Para autor de livros sobre o aquecimento global, a preocupação do público leigo com o clima atingiu um ponto sem voltaO escritor Mark Lynas, natural de Fiji e formado na Grã-Bretanha, investiu seus últimos anos em alertar o público leigo sobre os impactos - e especialmente os perigos - do aquecimento global. A preocupação do público, diz ele, cresceu "mais rápido do que o desenvolvimento de tecnologias limpas". Lynas é autor de três livros sobre o gênero (nenhum traduzido para o português). O último, Six Degrees: Our Future on a Hotter Planet ("Seis graus: nosso futuro em um planeta mais quente", em inglês), lançado no ano passado, segue igual linha, assim como a série SOS Aquecimento Global, inspirada nele, que o canal pago Nat Geo estréia hoje: o que pode acontecer com a Terra à medida que a temperatura suba gradualmente devido ao efeito estufa exacerbado.
Na série, incertezas científicas sobre o impacto do aquecimento global são deixadas de lado. Por quê?
Há incertezas e nuances científicas ligadas a todas as projeções, assim como detalhamentos sobre cada ponto citado na série, e claramente não é possível colocar tudo. É o caso de quando sentiremos 1°C ou 6°C a mais, se será no fim do século ou antes ou nunca, porque isso depende das decisões políticas que tomamos sobre quanto combustível fóssil vamos queimar. Essa é a maior incerteza de todas. O melhor a fazer é analisar as probabilidades: há 20% de chance de essa ou aquela temperatura ser alcançada. Assim as pessoas podem tomar uma decisão sobre qual cenário preferem enfrentar.
Qual é seu desejo com os livros e, agora, com a série?

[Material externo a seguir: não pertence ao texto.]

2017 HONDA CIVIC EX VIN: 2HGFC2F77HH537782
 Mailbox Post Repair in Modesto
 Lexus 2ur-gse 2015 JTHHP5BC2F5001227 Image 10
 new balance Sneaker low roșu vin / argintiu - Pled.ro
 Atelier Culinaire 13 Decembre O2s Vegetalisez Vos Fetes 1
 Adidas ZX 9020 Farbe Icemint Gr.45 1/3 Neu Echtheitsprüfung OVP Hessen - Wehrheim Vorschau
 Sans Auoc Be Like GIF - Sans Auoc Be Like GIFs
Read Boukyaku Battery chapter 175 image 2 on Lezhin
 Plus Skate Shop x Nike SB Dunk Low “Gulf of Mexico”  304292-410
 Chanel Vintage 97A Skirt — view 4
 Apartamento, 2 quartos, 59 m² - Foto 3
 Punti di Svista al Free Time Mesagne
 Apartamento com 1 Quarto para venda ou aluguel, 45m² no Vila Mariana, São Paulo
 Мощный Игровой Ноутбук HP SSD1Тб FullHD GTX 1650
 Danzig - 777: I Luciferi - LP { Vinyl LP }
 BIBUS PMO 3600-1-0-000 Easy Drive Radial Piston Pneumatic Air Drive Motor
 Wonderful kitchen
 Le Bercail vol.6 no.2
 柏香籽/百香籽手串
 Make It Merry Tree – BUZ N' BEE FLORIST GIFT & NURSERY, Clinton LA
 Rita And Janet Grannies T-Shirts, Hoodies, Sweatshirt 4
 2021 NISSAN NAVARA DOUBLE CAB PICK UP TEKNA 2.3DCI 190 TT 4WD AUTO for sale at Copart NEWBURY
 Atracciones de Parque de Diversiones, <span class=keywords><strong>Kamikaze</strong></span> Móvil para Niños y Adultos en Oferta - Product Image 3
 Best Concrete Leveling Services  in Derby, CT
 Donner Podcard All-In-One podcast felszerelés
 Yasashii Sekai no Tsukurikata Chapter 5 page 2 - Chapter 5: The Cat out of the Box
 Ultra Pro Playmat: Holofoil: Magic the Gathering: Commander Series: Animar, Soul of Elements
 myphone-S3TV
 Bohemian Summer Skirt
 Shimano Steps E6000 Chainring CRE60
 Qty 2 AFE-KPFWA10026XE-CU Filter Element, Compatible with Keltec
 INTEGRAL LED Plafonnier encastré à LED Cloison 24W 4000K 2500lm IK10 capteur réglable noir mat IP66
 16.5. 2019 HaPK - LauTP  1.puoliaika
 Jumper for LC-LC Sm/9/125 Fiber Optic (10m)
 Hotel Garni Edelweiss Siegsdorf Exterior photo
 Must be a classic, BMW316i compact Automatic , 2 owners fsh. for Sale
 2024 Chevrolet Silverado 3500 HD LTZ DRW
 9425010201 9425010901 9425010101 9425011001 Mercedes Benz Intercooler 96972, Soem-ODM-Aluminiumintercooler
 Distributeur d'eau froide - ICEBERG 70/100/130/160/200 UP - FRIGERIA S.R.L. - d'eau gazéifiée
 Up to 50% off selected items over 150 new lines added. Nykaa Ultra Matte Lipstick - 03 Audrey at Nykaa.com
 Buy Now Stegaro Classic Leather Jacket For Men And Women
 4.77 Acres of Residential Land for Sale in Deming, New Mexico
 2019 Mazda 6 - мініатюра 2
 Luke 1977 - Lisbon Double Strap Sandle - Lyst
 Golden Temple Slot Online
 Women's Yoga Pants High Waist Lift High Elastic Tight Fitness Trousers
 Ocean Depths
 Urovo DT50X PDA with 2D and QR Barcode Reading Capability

Minha intenção é simplesmente popularizar a melhor ciência disponível, que normalmente está restrita aos acadêmicos e a bibliotecas. Conversei durante muito tempo com diversos especialistas para reunir essas projeções e transmiti-las para as pessoas que não possuem treinamento científico. E isso significa também tentar individualizar os impactos das mudanças do clima.
A preocupação do público cresceu nos últimos anos?
Sim, cresceu exponencialmente, provavelmente mais rápido do que o desenvolvimento de tecnologias limpas. Certamente um marco desse movimento é o filme do (ex-vice-presidente americano) Al Gore, Uma Verdade Inconveniente, que já tem três anos. Esse, na verdade, é o "tipping point" (o ponto sem volta) do crescimento do interesse do público sobre o assunto, com impacto global. Além disso, a população vê e sente as alterações no ambiente. Com a união dos dois fatores, é possível observar um incremento da preocupação.
Certas alterações ambientais são provocadas por pessoas simples, que desejam apenas garantir o sustento e que não conhecem outra forma de vida. Como falar com essas pessoas?
É certo que muito do desmatamento, por exemplo, que acontece na Amazônia e na Indonésia é feito por pessoas que buscam a subsistência. Porém, numa proporção muito provavelmente maior, a derrubada e a queimada são conduzidas por produtores de biocombustíveis, no caso da Indonésia, ou madeireiros e pecuaristas, no caso do Brasil, que têm acesso à informação. Certamente precisamos desenvolver estratégias para combater a pobreza, como maneira de reduzir a pressão sobre a floresta, mas também precisamos manter a floresta em pé com, talvez, a inclusão de florestas no mercado de carbono.